A Tiny Ripple

Less than two weeks ago, George Floyd's life ended abruptly and cruelly.
What do you feel about it?  What do you think about it?  What do you do with it?

If you're like me, you are deeply disturbed by it.  By this one man's death, and the countless previous, similar deaths, and the unimaginable ones yet to come...and by all that is behind and around it that slowly and insidiously breaks down the health, worth, opportunities and well-being in every measurable form of Black people who live, breathe, and feel emotions just like any other human being. 

And you want it to be different.  Maybe you're sad.  Livid.  Terrified.  Furious.  Depressed.  Frustrated.  Overwhelmed.  Helpless.  Fed up.  All of the above.  Or, frozen and numb.

As a White person, I have options and choices about how much I engage and how I respond.  This freedom of choice is only one of my many privileges - and it leads to the challenge (and opportunity) of making the best choices about how to stand up for what I believe in.  

I have the challenge of how to lead, when I like to listen. I have the challenge of how to be courageous, when I like to be cautious. I have the challenge (that so many people have) of wielding more power than we might realize, or even want, and doing so responsibly. I have the challenge of knowing my many privileges that I did not earn, that I did not choose, that I have through no virtue of my own. 

And my real challenge is aspiring to live up to that.  It's not possible. Yet it is possible, and imperative, to choose how I use and show up with my privilege in a genuine way to address the heartbreak of seeing human lives robbed violently and callously by the same people that we entrust to protect the public welfare and safety... by a profession that represents entirely different things to different people in our country. Because demographically, and historically, we're treated entirely different ways by that uniform and the policies and procedures behind it. 

And that's just one of the institutions that's been passed down with layer upon layer of systemic injustices, and racism, and prejudice and ignorance...all of these ugly words that people want to go away but for different reasons. Some people want them to go away because it's uncomfortable. Some people desperately need them to go away, because their lives, their brothers’ lives, their children's lives, their partners' lives, and their fathers’ lives depend on it. 

My own life does not depend on it, although my heart still breaks to see it, and to have loved ones whose lives depend on it. And to know that the diversity of our experiences, and what are immeasurable, priceless strengths, instead create different realities that continue to oppress and disadvantage, or unfairly advantage, people before they've done anything, and without them doing anything, to earn it or deserve it. 

It's society's own self fulfilling prophecy.  

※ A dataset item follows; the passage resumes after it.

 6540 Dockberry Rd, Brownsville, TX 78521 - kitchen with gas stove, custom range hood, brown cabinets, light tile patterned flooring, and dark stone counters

And then the excuses. The attempts to justify the double standards. Because these are not things that would be okay with ANYONE if they happened to somebody that they loved. And that's hard to even say. Because, how come we don't? How come we, collectively, don't love these neighbors? These family members? These friends? These colleagues? These fellow citizens. These human beings. 

How come we can look at the loss of this, George Floyd's life (or, or, or...so many names could go here), and not every single one of us is outraged and heartbroken? And looking for anything and everything that we can do to contribute to a change? 

Because my challenge, and our challenge, is so small in comparison to the people that have no choice about their lives being on the line. Just by living. 

As awful as it is, we need to keep facing this example of systemic injustice and realize that these deaths are happening to people in their cars, when they’re out for a run, and in their homes (just to name a few). When they're doing nothing. When they're not even the person that they're suspected to be. And what if they were? So what if they are the person suspected of forgery, for the most recent example? Would we have accepted it calmly and peacefully if that had been a White man on the ground under the officer's knee for almost 9 minutes? (And what's the likelihood that it would even happen if it's a White man on the ground, is the bigger question.) Would we collectively accept that? And the numbers, the stats, and when we’re honest, our own wise emotions tell us clearly that we would not. We would absolutely not.  Because we know it's not okay.  Nothing about it is okay.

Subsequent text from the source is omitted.